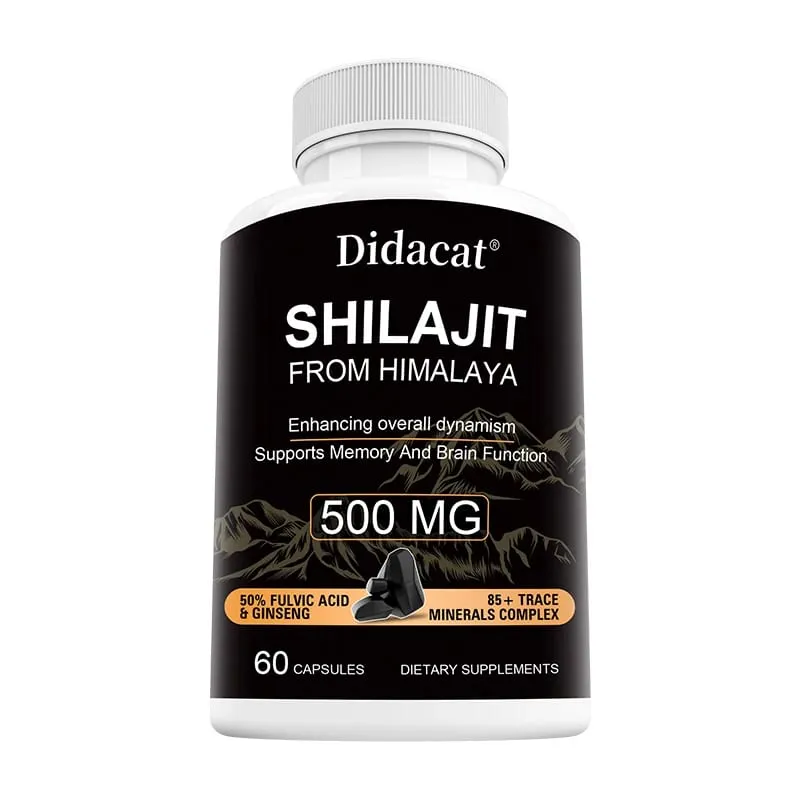 Shilajit with Ginseng Extract 500 Mg Helps Improve Overall Vitality Memory & Brain Function 85+ Trace Mineral Complex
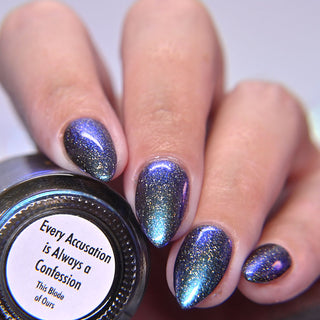 Image provided for Bee's Knees by a paid swatcher featuring the nail polish " Every Accusation is Always a Confession "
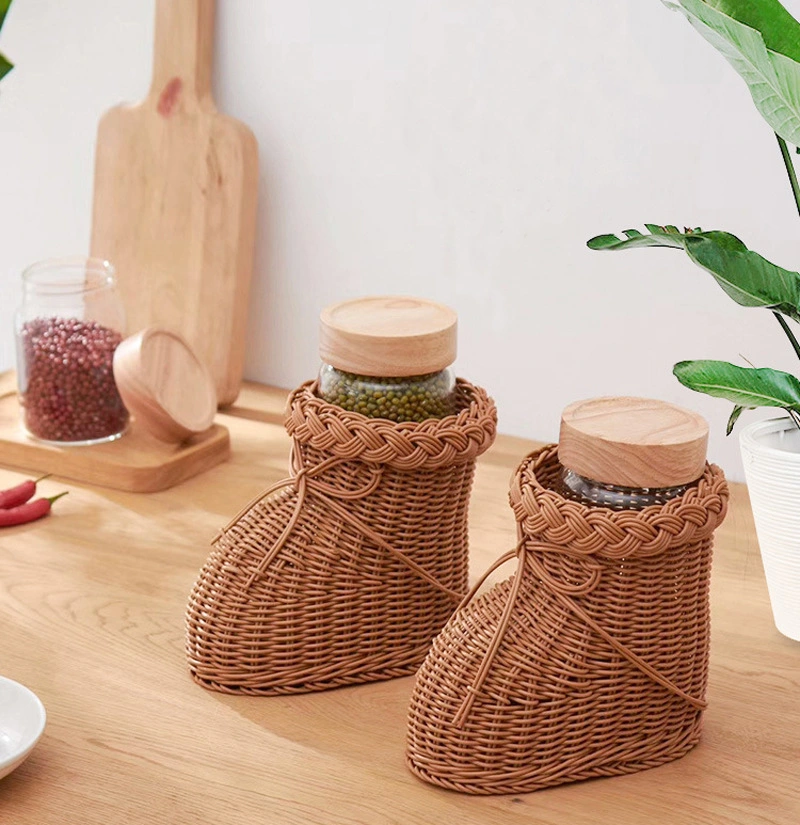 Creative Shoes Shape Flower Storage Home Decorate Plastic Rattan Basket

_Exercise:_
Write out the whole listing exactly, and drop the pictures.

_Answer to this task:_
 Shilajit with Ginseng Extract 500 Mg Helps Improve Overall Vitality Memory & Brain Function 85+ Trace Mineral Complex
 Image provided for Bee's Knees by a paid swatcher featuring the nail polish " Every Accusation is Always a Confession "
 Creative Shoes Shape Flower Storage Home Decorate Plastic Rattan Basket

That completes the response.